Human papillomavirus (HPV) is a sexually transmitted virus that can cause cervical cancer in women and genital warts, or occasionally some other forms of cancer, in both men and women. A test is currently available to determine infection in women via samples from the cervix. In recent years, co-testing with Pap smears has been considered a useful method for detecting cervical cancer early, but new guidelines challenge this view.

HPV test overview

The Digene HPV test was approved by the FDA in 2003. It can detect the presence of HPV in the cervical cells taken during the Pap smear. In 2009, the FDA approved two new HPV tests, Cervista, that are capable of more specifically genotyping the high-risk HPV strains associated with cervical cancer. The tests are generally used in women over the age of 30 years because women who are younger than 30 tend to resolve HPV infections on their own (transient infection). Persistent HPV infections are associated with cervical cancer, and most infections do not result in cancer, so being positive for HPV, even the high risk strains, is not a clear cut certainty of cancer (the National Cancer Institute found that women infected with HPV 16 or 18, the high-risk strains for cervical cancer, only have a 20% risk of cancer progression over 10 years).

Co-testing and the old guidelines

Once the HPV genotyping test was available, women’s health groups and clinics began a policy of co-testing in women over 30 years of age. When a woman went to the doctor for her annual Pap smear, they would also run an HPV test. Women with positive results on both were considered to be at high risk of cervical cancer. If both tests were negative, the woman would not need another test for 3 years. If only the HPV test was positive, annual Pap smears were recommended. In 2006, the American Journal of Obstetrics & Gynecology recommended specifics based on the age of the woman, including colposcopy (a process of the doctor viewing the cervix) to confirm positive results on both tests. The clinicians and doctors felt that this would aid in earlier detection, diagnosis, and intervention, as well as cut down on unnecessary Pap testing. However, these guidelines were based on expert consensus rather than scientific studies.
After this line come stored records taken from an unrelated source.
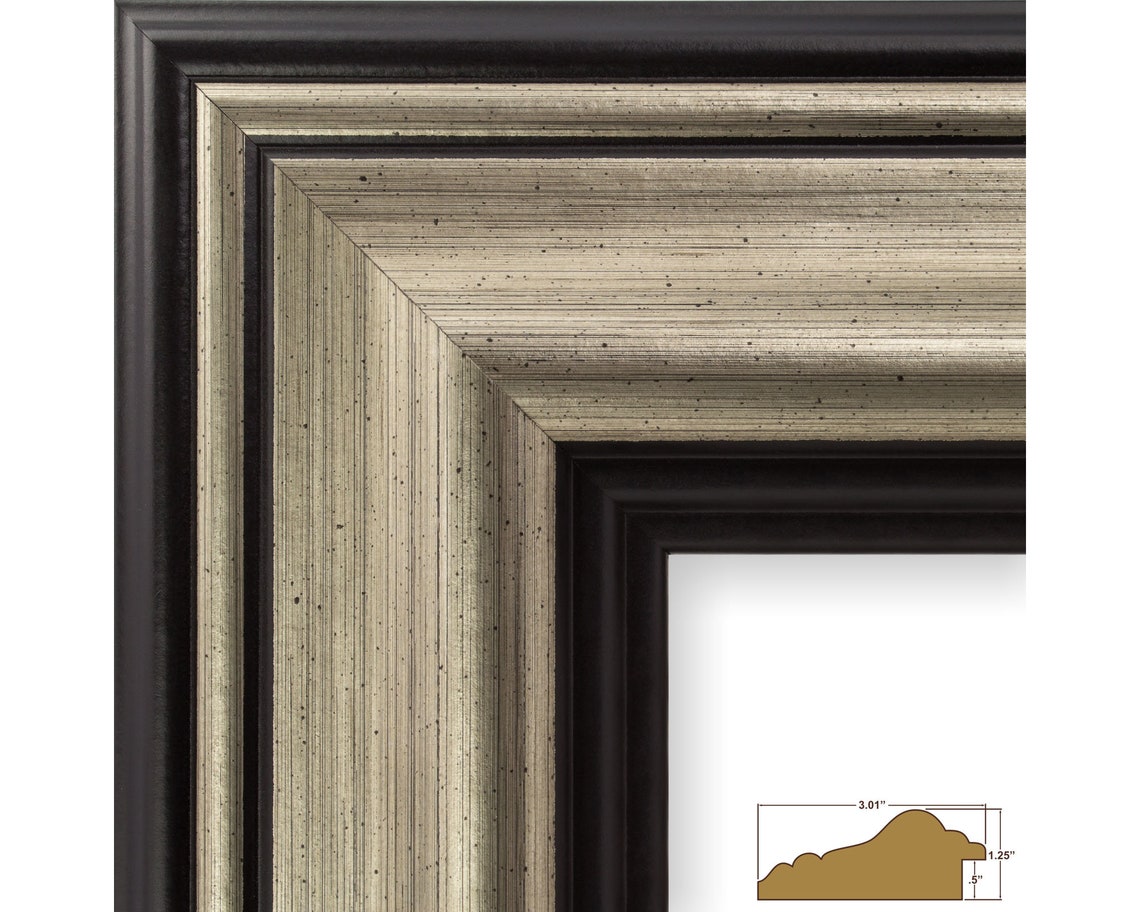 Sonora plata envejecida y negro marco de cuadro con una Sonora plata envejecida y negro marco de cuadro con una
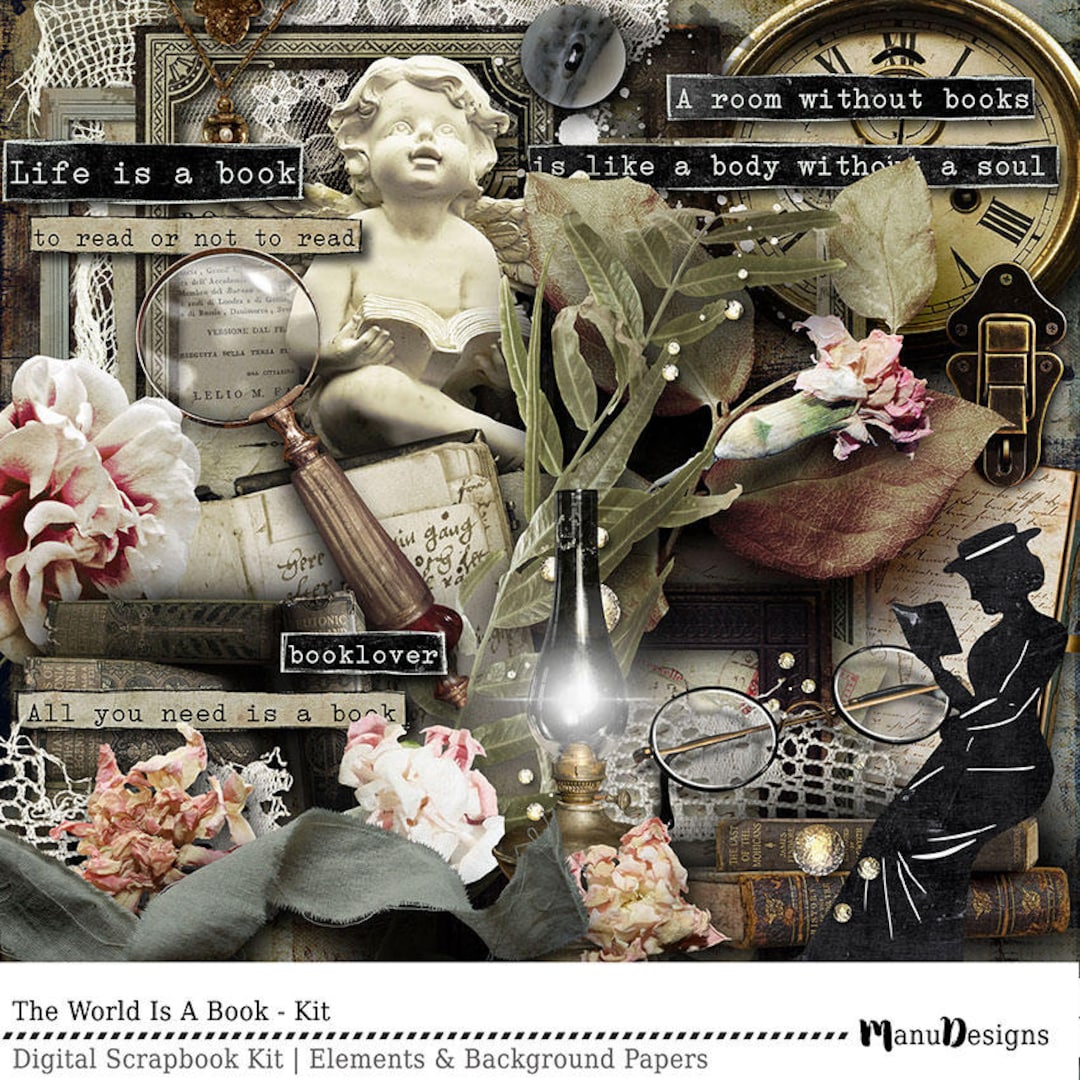 Digital Scrapbook Kit, Book Reading Scrapbooking, Book Papers, Book ...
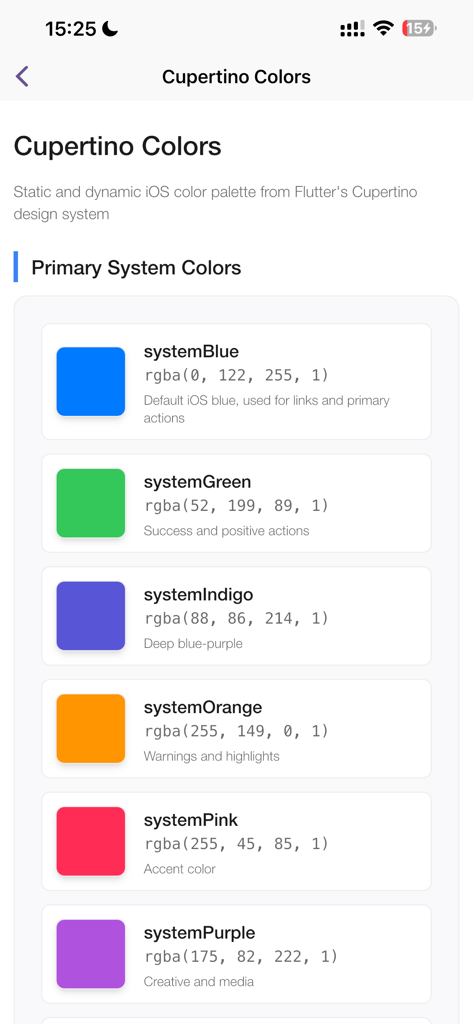 A list of iOS primary system colors with RGBA values in the WebF Go app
New HPV testing guidelines based on medical studies

In May 2011, the National Cancer Institute reported on a large-scale study that confirmed the 3-year interval guidelines for Pap testing, finding that it did not change a woman’s risk of later cancer diagnosis compared to annual testing. They also found that the HPV test is more sensitive than the Pap smear for detecting the risk of cancer development. The researchers' recommendation was that HPV testing can be carried out as a first step – women who are positive can then have a Pap test and those who are negative can return in 3 years for another test. However, changing physician habits is difficult, and HPV is a very common virus – so in June 2011 a number of women’s health and cancer groups recommended HPV co-testing every 3 to 5 years with Pap testing remaining the first step. However the U.S. Preventative Services Task Force found limited evidence supporting HPV co-testing; in fact, they are quoted by the Washington Post as warning against the HPV test as causing more harm than benefits, especially since it does not increase the rate of diagnosis according to the accumulated medical literature (which is at odds with the study reported by the NCI in May). Many doctors have not yet embraced HPV testing, and its current recommended use is as a follow-up to inconclusive Pap smear results, so following the Task Force's recommendations will likely be easier for both doctors and patients anyway, and likely will not significantly affect cancer diagnosis.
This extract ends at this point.